Yes to all. All of the above. Who could disagree? Certainly not the leadership development sub-industry.
We want the good guys, well behaved, morally sound, positively visible and value speakers/value presenters/value behaving, at the top. I have no problem with this. When I have a problem is when we stop the conversation there, and we all go for a walk as if the engagement of the other 14980 people in the company depended on that.
Stop looking up. Look sideways, a bit down. What matters is the social copying of each other in the day-to-day, transversal, horizontal, peer-to-peer, tribal organization. And that may or may not correlate with ‘life at the top’. Nobody says the top does not count. What I say is that it is often an alibi for management inaction. A not terribly functional top leadership is often blamed for not terribly functional operations even if these two do not have anything to do with each other.
A healthy organization is one where the top is a model, yes, but life does not depend on it.
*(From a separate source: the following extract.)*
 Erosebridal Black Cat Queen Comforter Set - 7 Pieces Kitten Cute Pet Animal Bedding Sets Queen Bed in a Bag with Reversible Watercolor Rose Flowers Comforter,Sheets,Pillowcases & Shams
Usually, in a large or medium organization there will be several layers of leadership and management. All of them count as much, if not more. How 100 supervisors behave may be more crucial than the 10 guys at the top.
What happens at the level of what the Edelman Trust Barometer calls ‘people like me’ is what shapes organizations. ‘People like me’ (peers, colleagues, mates, tribe members) represnet the highest source of internal trust. It’s the day to day interactions at all levels that shape a culture, not the powerpoints from the leadership team.
Looking up all the time is a distraction, a diversion, a convenient out of focus that is used to explain everything, even if ‘the explanation’ is here and down, say, at managerial and supervisory level.
And another thing, looking up too much will also give you chronic neck pain.